He proved to be an easy baby as he just did not cry, which we lauded at first, but scared us later thinking that perhaps something might be wrong with him, but the doctor reassured Anne that nothing was wrong about him and eventually he would cry as well.

“Be happy that you have one like like that, millions of mothers envy you.” The doctor was right Len would cry after a while but he cried only tears and no sounds. We were uncomfortable with that too, but when he did make sounds and talked he used long words and words that we never used.

The first word I heard of him when our family, then living in Richmond across the Fraser river from Vancouver. When we drove over the old Fraser bridge, he looked down and said very clear – 'Water.'

From then on he talked but often words like the Latin name of a monkey tree like tree, whose name I can not recall, but the did not have pain so it seemed at least he did not cry out.

On Fridays I took him often with me to a bank I Vancouver to cash my pay check. Next to the bank was a small Italian restaurant where we ordered coffee for me and chocolate milk for Len. And of course a delicious piece of apple pie. The mama running the place liked Len and took him to her secret place where she made all her goodies, she made Len carry the pie to our table, praising him in Italian-English for his diligence, and for 'his good lookse,' which one day was going some girl very happy.

I built a platform in a tree at every house we lived in, so Len could safely built his tree-house, -fort, or what structure his imagination came up with, as his creative mind knew no borders. By building in a tree I kept him from hammering nails in floors of structures I was building, like the floor of a house we were constructing next door. His greatest joy was when a concrete-truck driver, who apparently remembered his own yearnings when he was a pre-schooler, asked Len to come along in the truck, set him on his knee and let him chauffeur that monster machine for a little way. His face radianced the same as when he scored his first soccer goal.

He made a friend of our doctor's son of the same age and together they explored the the decreasing green acres of the area which was doomed to lose its virgin state, but where they still found pails full of frogs of all sizes which they, after showing them off, and thereby terrorizing mothers and sisters, dutifully took back where they had found them, but not before they walked with their pails of plunder underneath the horse which happened to graze in their path. Len and his friend had a great life in the still mainly rural area.

When winter snow made a wonderland by coloring everything from mainly green to white, Len's sisters were involved in a snowball fight with some neighbor boys, which they were losing. Len's mind sought ways to rectify this. He loaded his Christmas gift, a little four wheel wagon, full with self made snowballs and supplied his sisters with them, who by this action made the boys surrender.

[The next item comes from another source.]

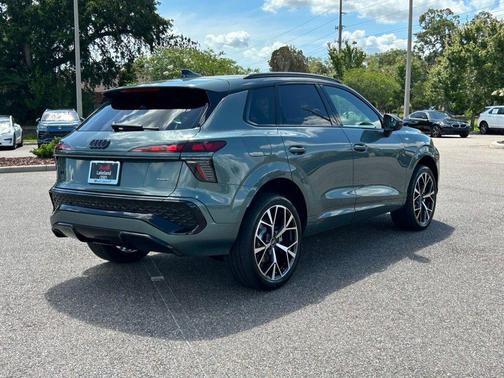 Sage Green Metallic 2026 Audi Q3 TFSI quattro S tronic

He used that wagon for another, embarrassing, purpose as well, embarrassing at least for me, being his father, although I was amazed at his resourcefulness. He was allowed to take some empty soft drink bottles to the local corner store a block away from our house and spend the few pennies they reimbursed him at the same store for some candies, but I saw him come back with his wagon loaded with more bottles than he had sold and decided to follow his actions. He returned with his wagon load to the same store, made his transaction, and went straight for the rear of the store where the 'empties' were stored and loaded his little wagon again obviously getting ready for the next transaction. He thus made it his enterprise to sell the storekeeper his own ware.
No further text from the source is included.